A religious organization has filed a lawsuit against Arthur Andersen, claiming its former auditor's negligence led to its bankruptcy and the loss of hundreds of millions of dollars.
Arthur Andersen had acted as the auditor of the Baptist Foundation of Arizona (BFA) for 15 years. When accounting irregularities came to light, the BFA filed for Chapter 11 bankruptcy on 9 November last year.
The lawsuit filed on BFA's behalf by Bernstein Litovwitz Berger & Grossmann alleges that during its audits, Arthur Andersen overlooked numerous "red flags" that should have alerted it to suspicious transactions taking place.
The law firm has something of a track record in the field of auditor class action suits, having participated in the record-breaking case which saw Ernst & Young pay out $3bn in a case involving Cendant Corporation.
The Baptist suit alleges that senior managers at the BFA turned what was a legitimate investment vehicle into a "Ponzi Scheme," in which money from new investors was used to pay off old investors. BFA hid its losses by transferring non-performing assets to related entities in a series of highly suspicious, non-arms' length transactions.

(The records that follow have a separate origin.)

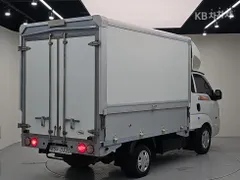 Kia Bongo 3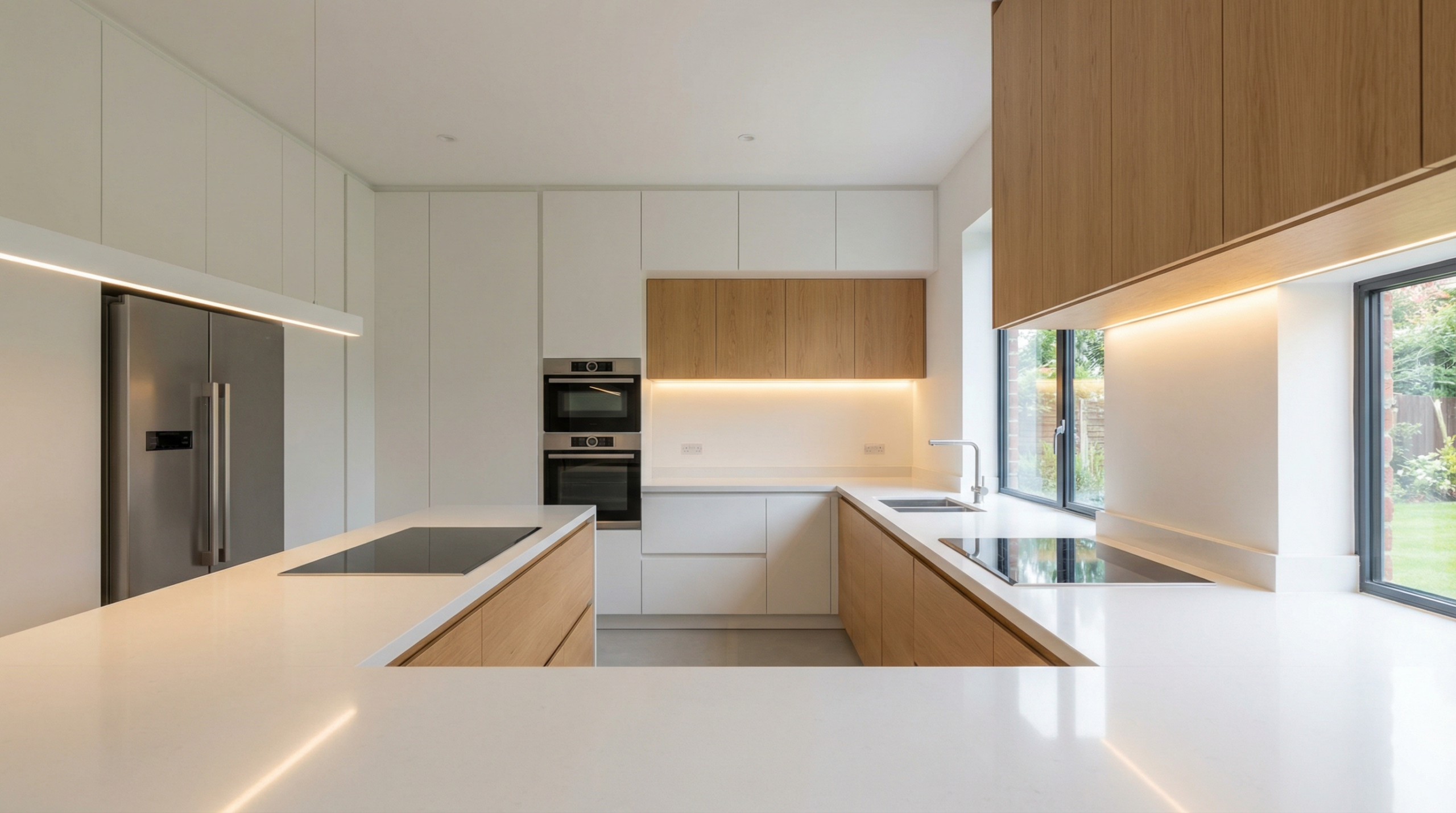 Upgrade: Under-Cabinet LEDs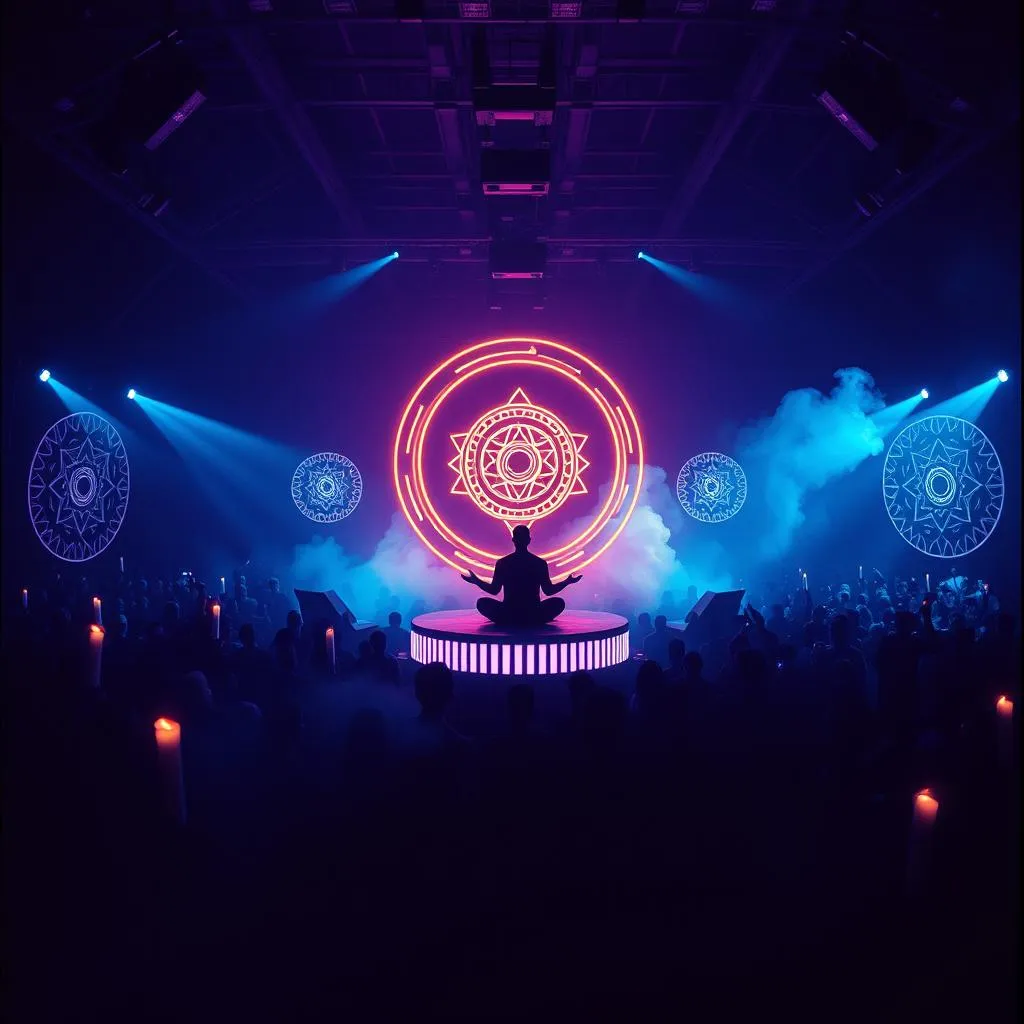 Two Girls, One Drop (Of Bass)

The lawyers argue that by failing to pursue these deals, Andersen let BFA's losses to escalate to hundreds of million of dollars, leading to its demise.
"The tragedy of BFA is an all too familiar example of accounting professionals failing to do their job, with innocent investors left holding the bag once the misconduct is disclosed," Alan Schulman of Bernstein Litowitz Berger & Grossmann told Business Wire. "By filing this lawsuit, we intend to hold Arthur Andersen responsible for the consequences of its failures."